He seemed startled by this, and I felt bad for bringing up his dead parents. To my relief, he changed the subject.
“It doesn’t matter what they call me, I suppose. What matters is, I’m not afraid of these dead people. When I find somewhere to keep them, I’ll make sure they’re alright. When I am better, I’ll go looking for more before the police take them away and punish them again. Tell everyone. Bring me your dead, and I’ll care for them,” the guru said to me. From the fervent darting of his eyes, I couldn’t tell if he was a charlatan, if he was just looking for fame or up to something more sinister. I didn’t shake his hand, but I did smile at him, maybe in encouragement. I wondered about the rest of those dead people he had left behind at Babu Ghat, later taken away in those vans. It wasn’t the guru’s fault; how many dead could he walk around with?
Before leaving, I asked if I could use what he’d told me to write a story or an article. He gave me his blessing. I left to let his next visitor, whether journalist or would-be follower, see him. I managed to wait till I was out on the streets before vomiting, just a little, into a gutter. I’m not sure anyone in the crowd gathered around the temple even noticed.
I wrote in the midst of a global paradigm shift. I wanted to try and understand one man at that moment, as opposed to the impossibility of an entire world made new. Like anyone and everyone who would fixate on him in the days to come.
It was only afterwards that I thought to look for the identity of that poor dead woman by his side.
3. Notes on Maturation
The second time I saw Guru Yama, it was to identify his wife and return her to her mother.
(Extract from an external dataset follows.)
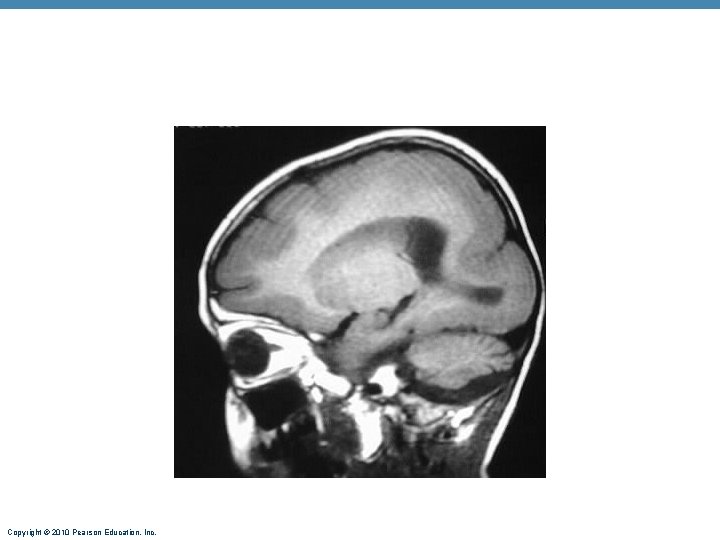 Copyright © 2010 Pearson Education, Inc.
I met the widowed mother, who requested I not include her name, at the Barista on Lansdowne. I bought her a plain coffee. As I handed her the cup, I marvelled at the fact that we can still enjoy the privilege of overpriced lattes and mochas while black government vans roam the state for the risen dead. Every time I saw those vans, some shining with the words West Bengal Undead Quarantine fresh-painted on them, I stopped to wonder whether I was remembering something from a movie or actually looking at something real. The cafe was relatively quiet—just a few afternoon customers chatting amid the burbling of espresso machines. But elsewhere in the city, people were striking and rioting to throw stones and claim their own religions and ideologies as responsible or not responsible for this cosmic prank. That very day, there had been a march on Prince Anwar Shah Road, by South City Mall, with fundamentalists of one or many stripes demanding that movies filled with immoral violence and sexuality be removed from the mall’s multiplex immediately in order to end God’s wrathful plague of the waking dead. The puritanical thrive in apocalypses.
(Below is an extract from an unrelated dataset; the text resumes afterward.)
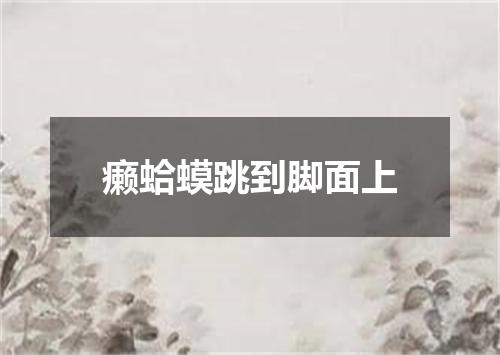 癞蛤蟆跳到脚面上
The mother is a Hindi teacher at a small school. She took one sip of her coffee out of politeness. I had to ask her, after apologizing for doing so, “Did you recognize your daughter on TV that day?” She looked like she was out of breath or keeping down vomit. After a moment, she nodded. She did recognize her daughter. Of course she did.
I could understand the rest without her saying anything more. Who would want to acknowledge to themselves that their missing daughter was on TV, on the news, in real life, a walking corpse? That was too many impossibilities to deal with. I couldn’t bear to think what this woman, with her greying hair in a dishevelled bun, wearing an innocuous blue salwar kameez that made her look like any one of my high school teachers, was going through. I felt sick with her, the coffee acrid in my chest. Having had an abortion during college—one of the wisest decisions I’ve ever made—I wanted to say I knew how she felt. But remembering the brutal, almost physical depression of that distant time only furthered my remove from this woman, who had seen her adult daughter walking across the mud of the Hooghly naked as she had been in the first moments of her life, but dead.
I touched the mother’s hand, and she gasped as if terrified. We left the cafe in silence, her cup still full, cold on the table. My heart was racing just from being in the presence of such horror. Outside, the late winter sunlight did nothing to calm it. Thankfully, there were no marchers or black vans on Lansdowne. If we could forget for a moment, it might have felt like any other day in Kolkata, in that bygone world where the dead stayed dead.
I drove the mother to Kalighat in my old Maruti, and she slept through the ride. I got the impression sleeping was the easiest way for her to escape human interaction.
The stinking alleyways outside the temple were lined with the guru’s growing mass of followers. Many pressed their palms to the mother as we passed, and some tried to touch her feet. They knew who she was. She walked through them as if in a dream, not responding at all.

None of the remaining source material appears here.